I recognize you disagree, and contend there is no difference between comment inside and outside of the court. But as a matter of practice, you stand alone. I have never seen another Article III judge, when asked to discuss a pending case, actually address the question. Unprovoked, you decided to bring up Hively. There were countless other examples you could have used that would have made the same point, without implicating a live case. That you are the only judge who holds this view doesn’t necessarily mean you are wrong, but it should cast a serious doubt on the practice.
If you’d like to post something in reply to my comments above, I’d be happy to oblige.
Here is a second email I sent to Segall and Posner:
I don’t think any comments on the case were appropriate. Stating that he [Posner] was surprised Eskridge thought the case was hard suggests that Posner thought it was easy. This tipped his [Posner’s] hat, and was not appropriate. Especially since unprovoked, the prudent course would have been to use a mundane example, about vehicles in the park or something else.
After a several back-and-forths, Judge Posner sent me this reply, which I post in its entirety.

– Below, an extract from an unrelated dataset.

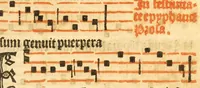 An illustration from Misse familiares cum suis ca[n]tibu[us] angelicis nuperrime ad vngue[m] recognite : nam pleraq[ue] in vetustiorib[us] exe[m]plarib[us] truncata, in hac nouissima recognitione reintegrata sunt sicuti precipue in intonationibus Psalmorum videre est. Misse sole[n]niores toti[us] anni, nuperrime ad vngue[m] recognite. Communes prose totius anni nouissime emendate (1526)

In response to the comments in your blog on my comments at the California audioconference on statutory interpretation (my participation having been limited to the telephone) of last Friday, I have, to begin with, no quarrel with either Canon 3(A)(6) of the Code of Conduct for United States Judges, which states that “A judge should not make public comment on the merits of a matter pending or impending in any court. A judge should require similar restraint by court personnel subject to the judge’s direction and control. The prohibition on public comment on the merits does not extend to public statements made in the course of the judge’s official duties, to explanations of court procedures, or to scholarly presentations made for purposes of legal education” (emphasis added). Nor have I any quarrel with the ABA Model Code of Judicial Conduct 2007, RULE 2.10, Judicial Statements on Pending and Impending Cases, which states that “A judge shall not make any public statement that might reasonably be expected to affect the outcome or impair the fairness of a matter pending or impending in any court, or make any nonpublic statement that might substantially interfere with a fair trial or hearing.”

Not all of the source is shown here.